Sekarang sedang berlangsung "ethnic" cleansing thd orang2 Kristen di
Timur Tengah (kecuali di Israel), tp para dhimmi sedunia ga peduli,
malahan sebagian ngedukung ethnic cleansing tsb.

Dhimmi di sini termasuk jg sebagian orang2 Kristen dan Katolik.


http://www.nypost.com/p/news/opinion/opedcolumnists/christian_catastrophe_lX4yqB48KfKyKuUgQPreDM

A Christian Catastrophe
Islamist ‘cleansing’ in Mideast

    By RALPH PETERS
    Last Updated: 12:11 AM, April 1, 2013
    Posted: 10:13 PM, March 31, 2013


Islamist terrorists and fanatics are methodically exterminating the
2,000-year-old Christian civilization of the Middle East through
oppression, threats, appropriations and deadly violence.

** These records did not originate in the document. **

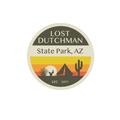 Arizona State Parks Lost Dutchman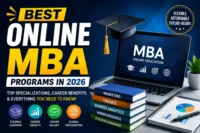 Best Online MBA Programs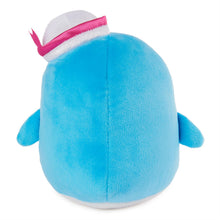 Load image into Gallery viewer, Sanrio Hello Kitty Tuxedo Sam 6" Plush by Gund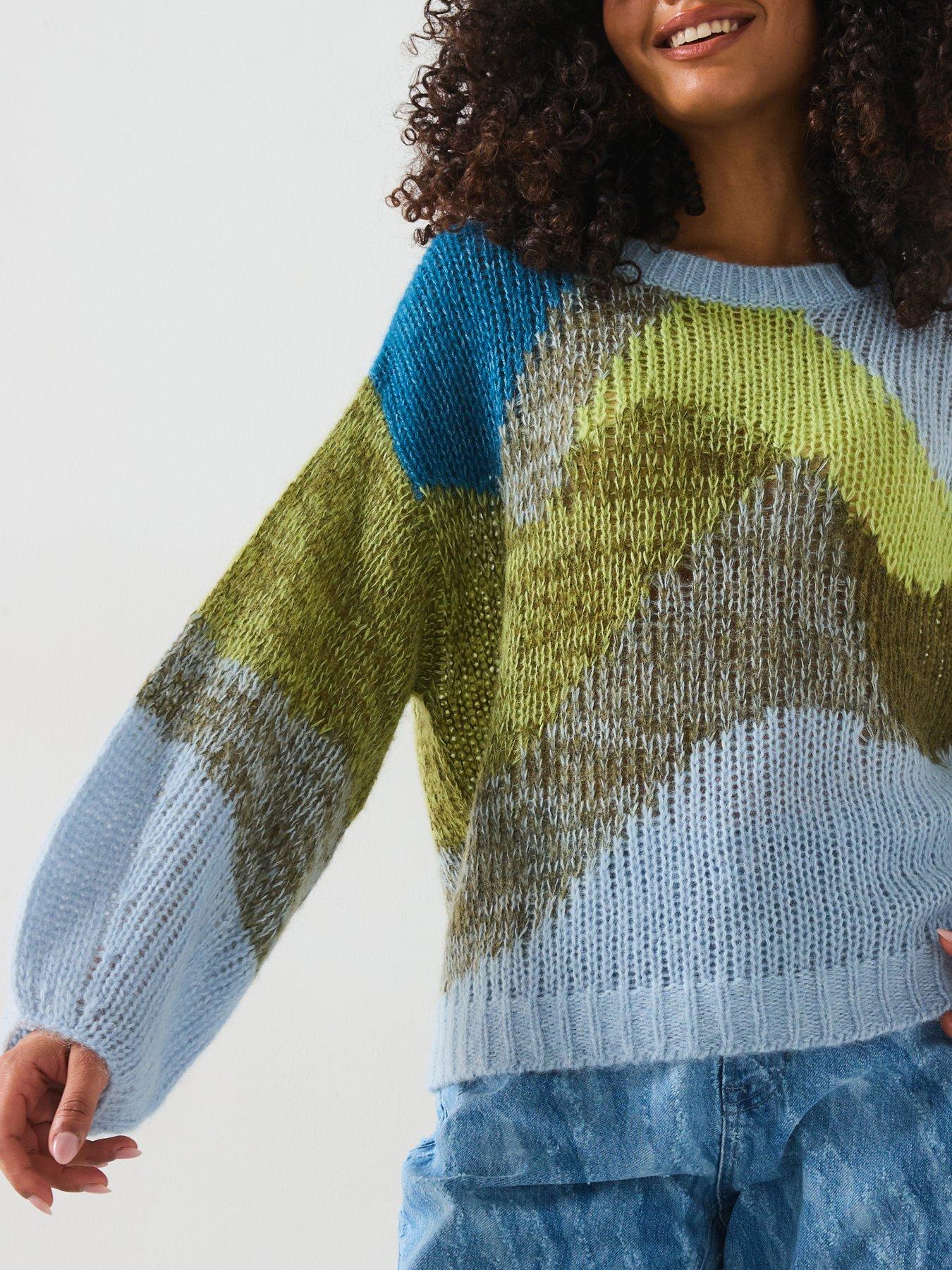 boss-funch-knitted-jumper-bluedetail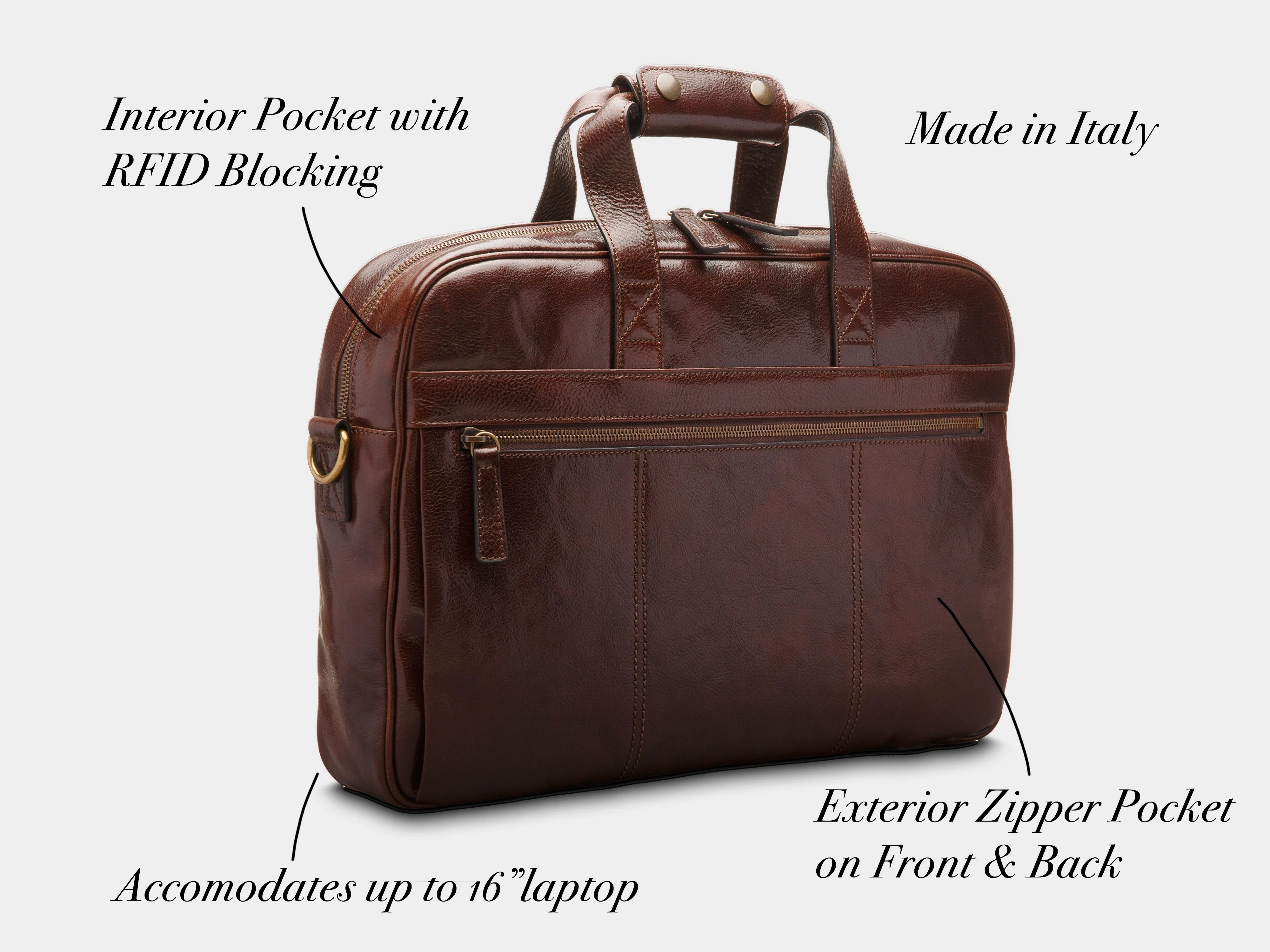 Firenze Single Gusset Stringer - Image 7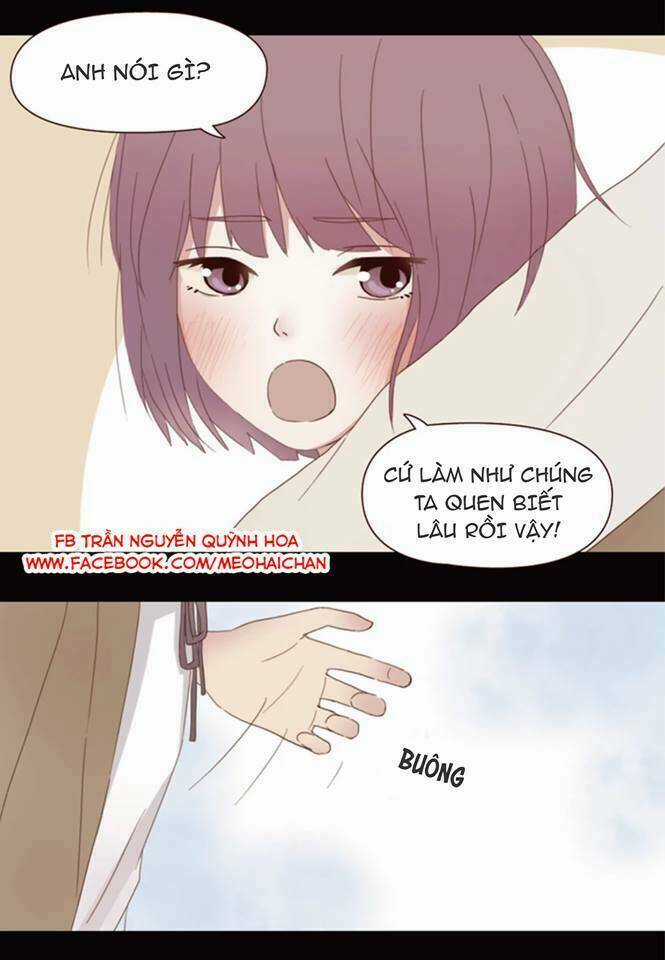 Người Yêu 0 Độ - Chapter 1 - Trang 60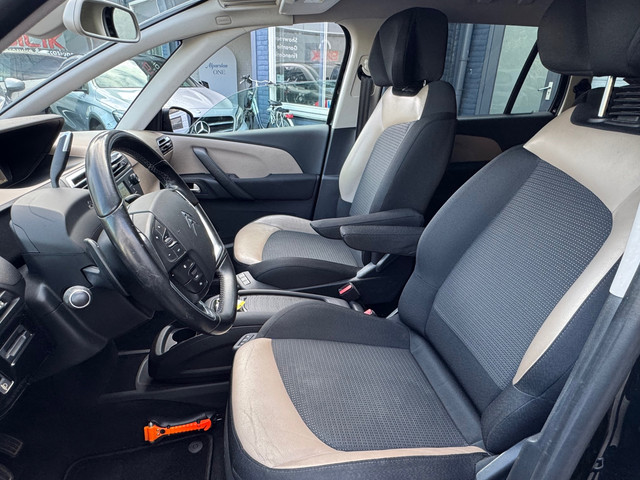 Foto 3 van Citroen Grand C4 Picasso 1.6 e-THP Intensive | Clima | Camera | Automaat | 7-PERS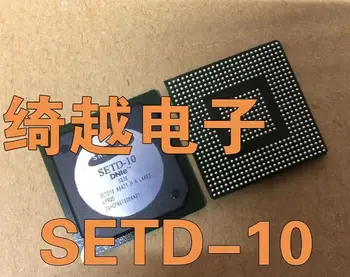 

5pcs/lot SETD-10 BGA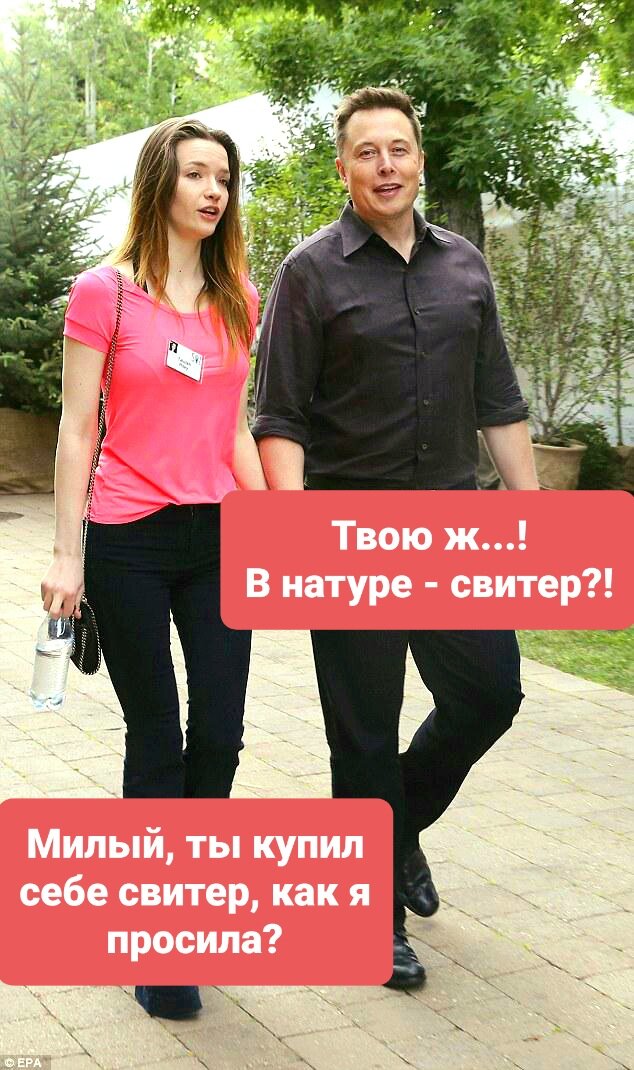 Фото в редакции автора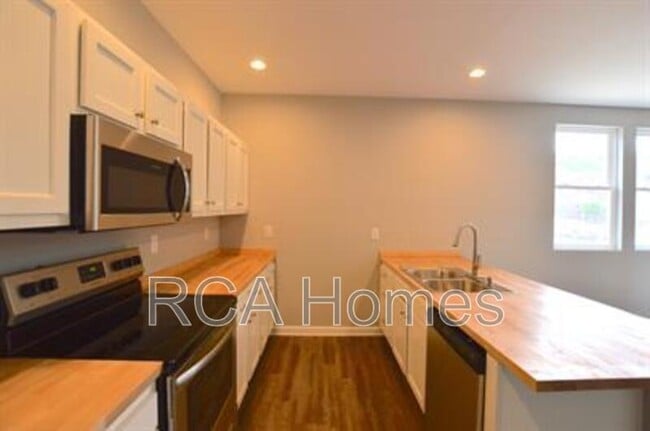 3501 N Illinois St in Indianapolis, IN - Building Photo - Building Photo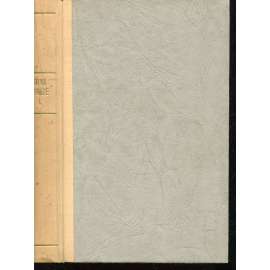 Kniha o Praze (Pražský almanach) I.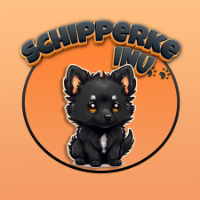 Schipperke Inu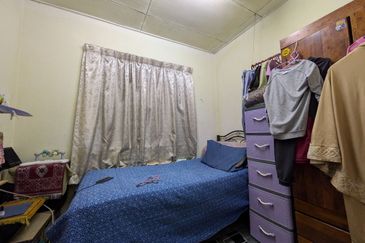 Jalan Kembojasari 10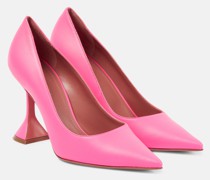 Pumps Ami aus Leder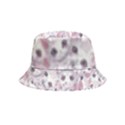 Sweet Kawaii Kitty Pattern (ai) Bk Inside Out Bucket Hat (Kids) View4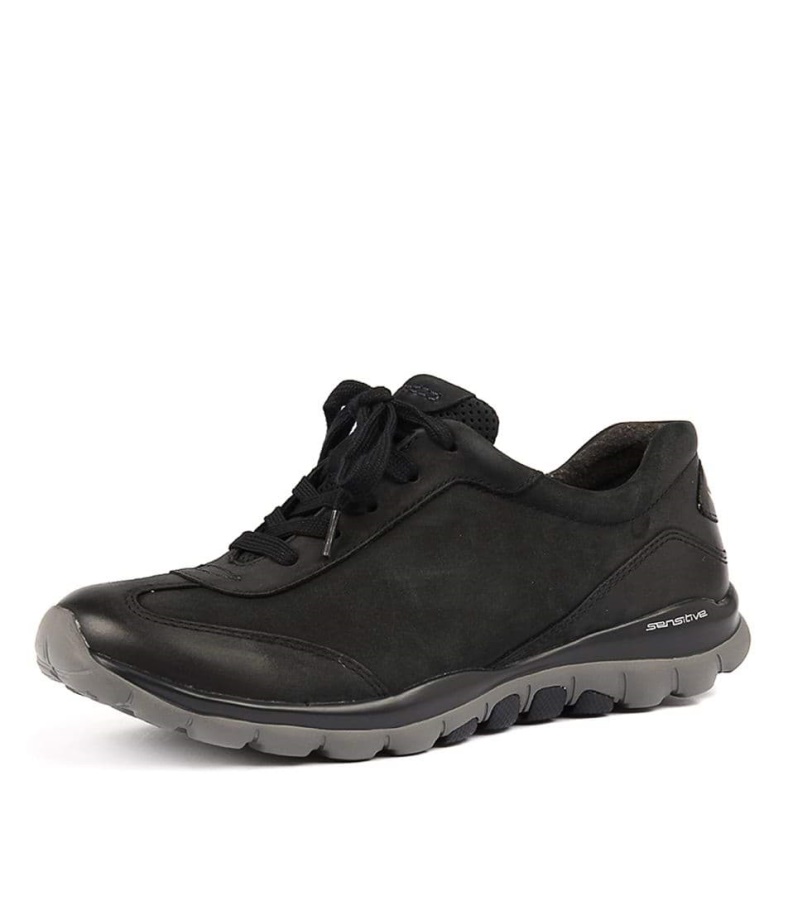 Gabor Mellow Ozean Nubuk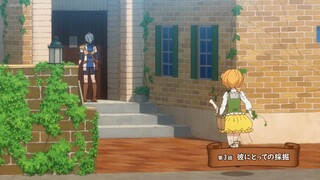 Kanchigai no Atelier Meister - 03 Sub Indo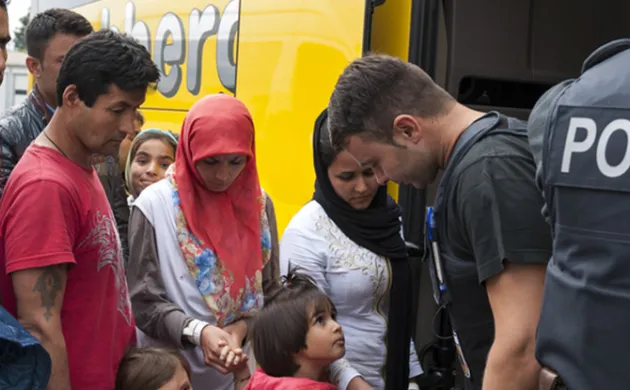 Politique migratoire en Allemagne : revirement ou retour à la normale ?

Our media ignore the intensifying savagery against Christians in
Muslim Brotherhood-controlled Egypt. Unconfirmed reports assert that,
last month, Muslim Brothers dragged Christian protesters to a mosque
and tortured them — but our reporters won’t look into an Islamist Abu
Ghraib.

For a century and a half, the varied strands of Middle East
Christianity have faced increasingly fierce pogroms and, for the
Armenians, outright genocide. But with the rise of Wahhabi and
Salafist terror, the long, slow-motion Holocaust accelerated.
Another attack on Egypt’s 10 million Coptic Christians: Firemen
dousing a blaze at a New Year’s car bombing outside a Coptic church.
AP
Another attack on Egypt’s 10 million Coptic Christians: Firemen
dousing a blaze at a New Year’s car bombing outside a Coptic church.

Western liberals romanticize barbaric cultures but have no interest in
the destruction — before their averted eyes — of a great and brilliant
religious civilization. It’s as if they accept the Islamist creed that
Christians don’t belong in the realms of Islam.

But the Middle East was more than just Christianity’s birthplace. The
faith we know matured in the Middle East and North Africa, from
Ephesus and Antioch to Alexandria and beyond. St. Augustine, the most
influential church father after St. Paul, was a North African.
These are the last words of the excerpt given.